Developing MLReef

This document provides an architectural overview of the MLReef Software as a Service system. The overview is provided, using a number of different architectural views to depict different aspects of the system. It is intended to capture and convey the significant architectural decisions which have been made on the MLReef system.

Architecture and Planning documents for the whole platform. These diagrams follow the C4 Style of Software Architecture.

The diagrams are created with the free tool Gliffy. Gliffy is available as Chrome Extension here.
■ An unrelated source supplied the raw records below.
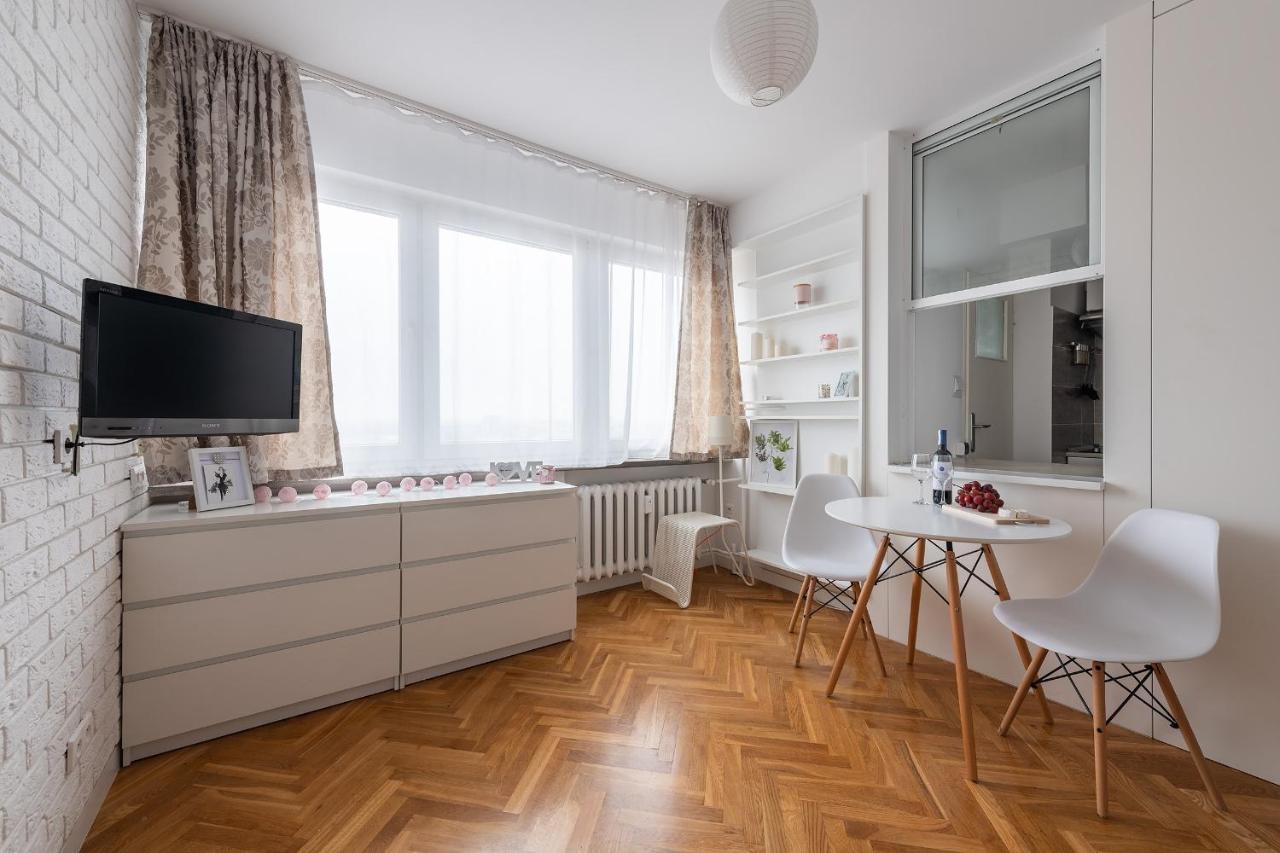 Tamka 40 Prywatne Mieszkanie W Poblizu Starego Miasta I Stadionu Narodowego 100m Od Metra Nowy Swiat Samodzielne Zameldowanie!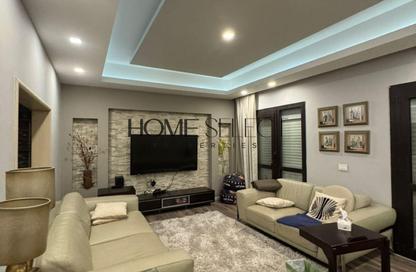 Apartment - 3 Bedrooms - 3 Bathrooms for sale in Westown - Sheikh Zayed Compounds - Sheikh Zayed City - Giza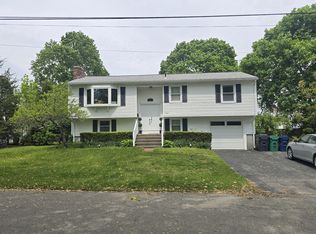 345 Natick Ave, Warwick, RI 02886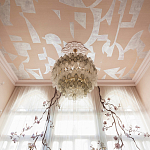 Обои ручная роспись в стиле Арт-деко Symphony Colourway SC-105 on Himalayan Rose silk dupion варинант исполнения - 1 | Loft Concept в Брянске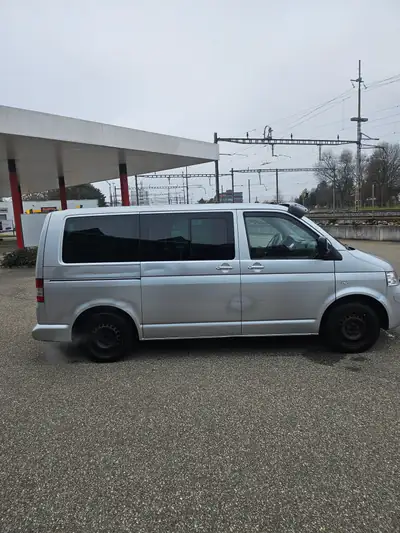 VW T5 Caravelle — Monospace diesel polyvalent, 303'000 km, transmission automatique — côté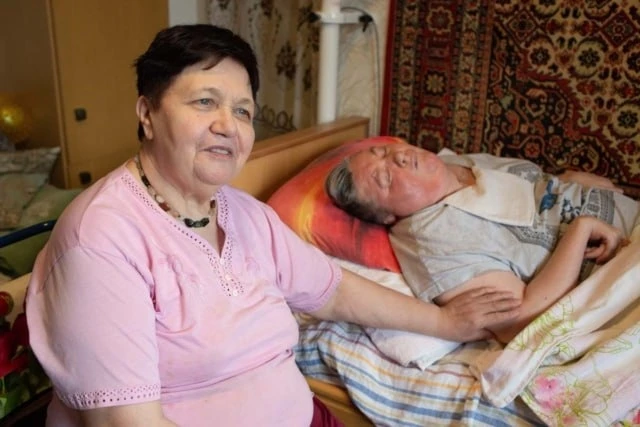 Уже 18 лет Ольга Макаренко заперта внутри своего тела. Она не может двигаться и говорит...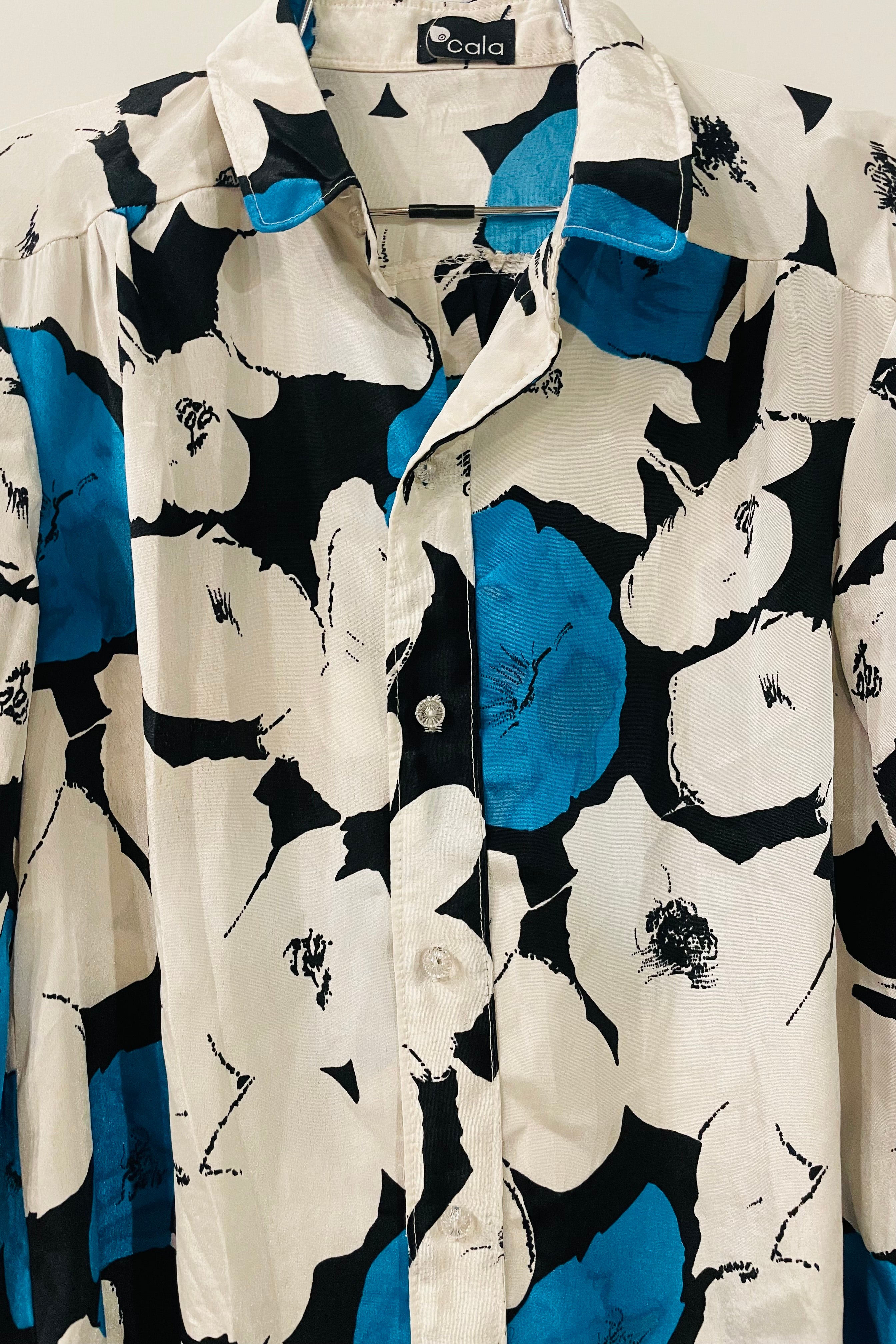 חולצת וינטג׳ ירקונה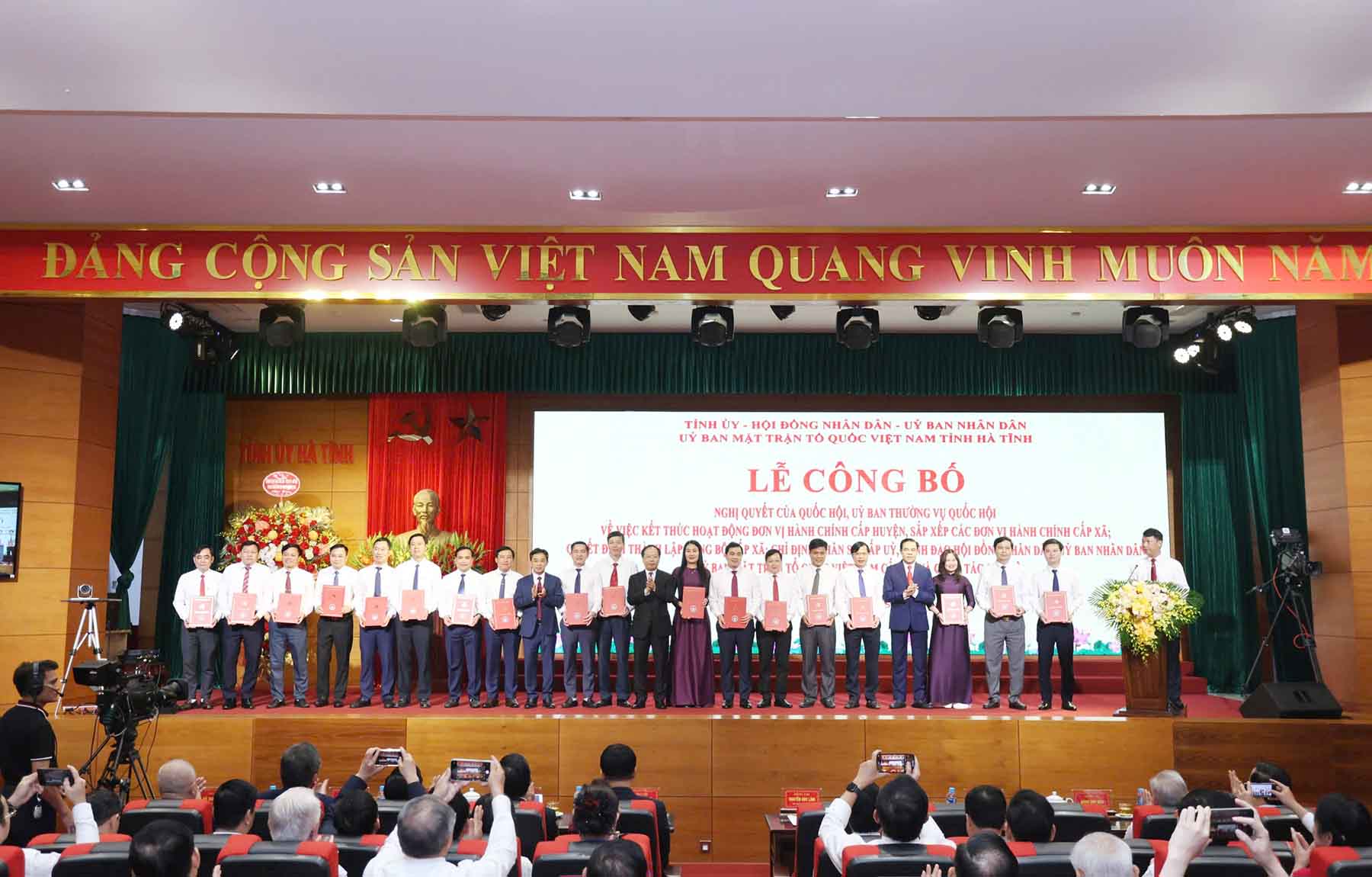 The Standing Committee of the Ha Tinh Provincial Party Committee presented the decision to the Secretaries of the new communes and wards in Ha Tinh. Photo: Tran Tuan.
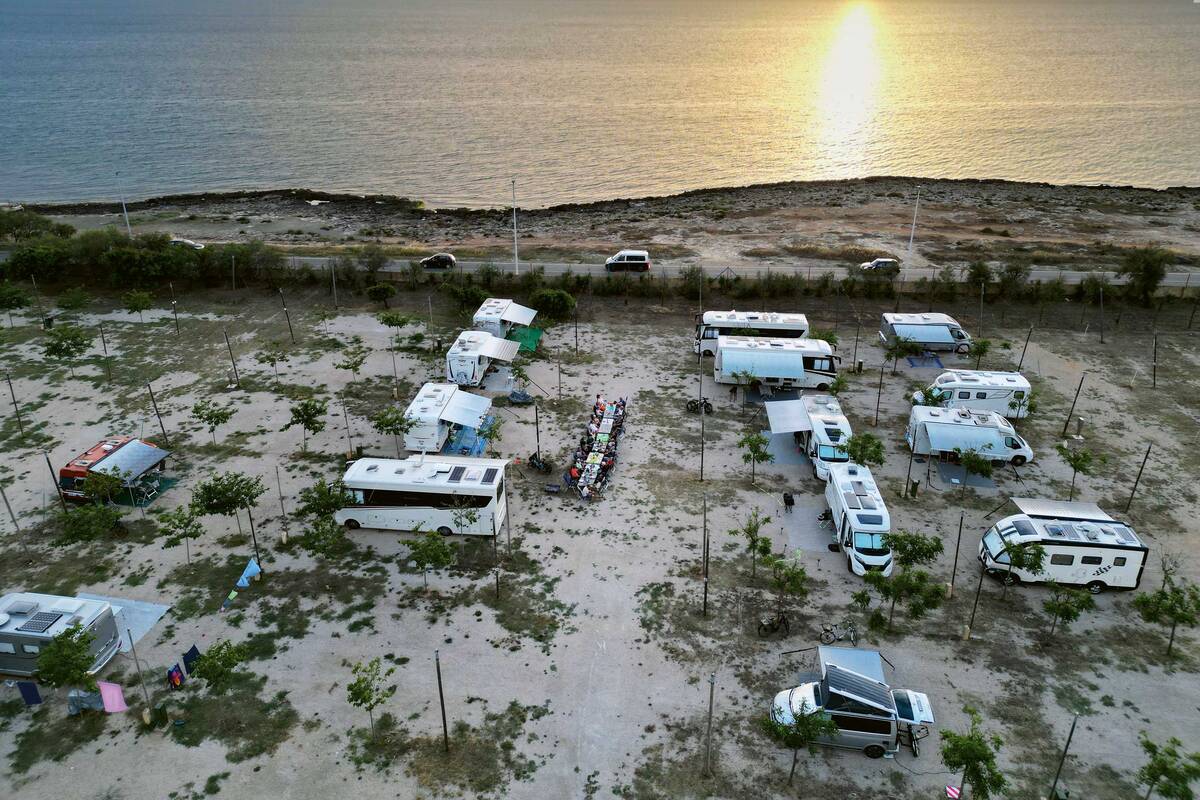 Un moment de détente au camping La Masseria autour d&#039;un dîner dans la lumière du soleil couchant.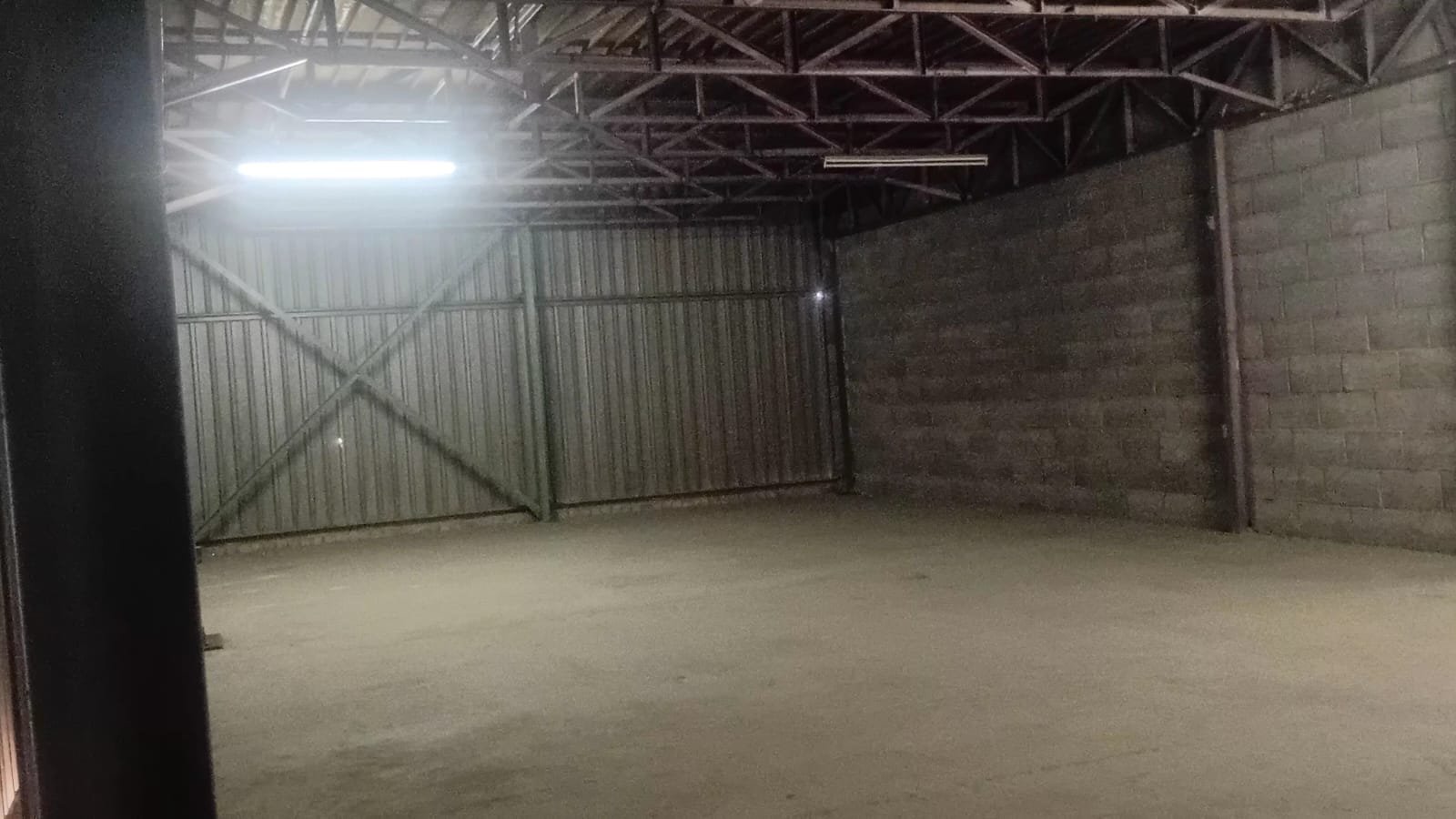 G11 – 130m² Secure Storage Space to Let image 6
Architecture Goals and Constraints

There are some key requirements and system constraints that have a significant bearing on the architecture. They are:

  • Gitlab was chosen as a Git backend and pipeline workflow engine
  • Scaling has to be done in an elastic and cost efficient way
  • Billing of resource usage has to be done on a per client basis.
  • Community members have the ability to publish pipeline operations and ML-algorithms
  • The MLReef System will be built as a SaaS Web Application. The Frontend will be browser based while the backend (Gitlab, additional micro-services and lambda functions) will be hosted publicly on the internet.
  • The MLReef System must ensure complete protection of data from unauthorized access. All remote accesses are subject to user authentication and authorization.
  • The pipelines workers must support at least the most common machine learning technologies. Currently those include Python and Tensorflow
  • A on-premise installation shall be possible

To better understand some of the choices made please read the designd decisions documentation.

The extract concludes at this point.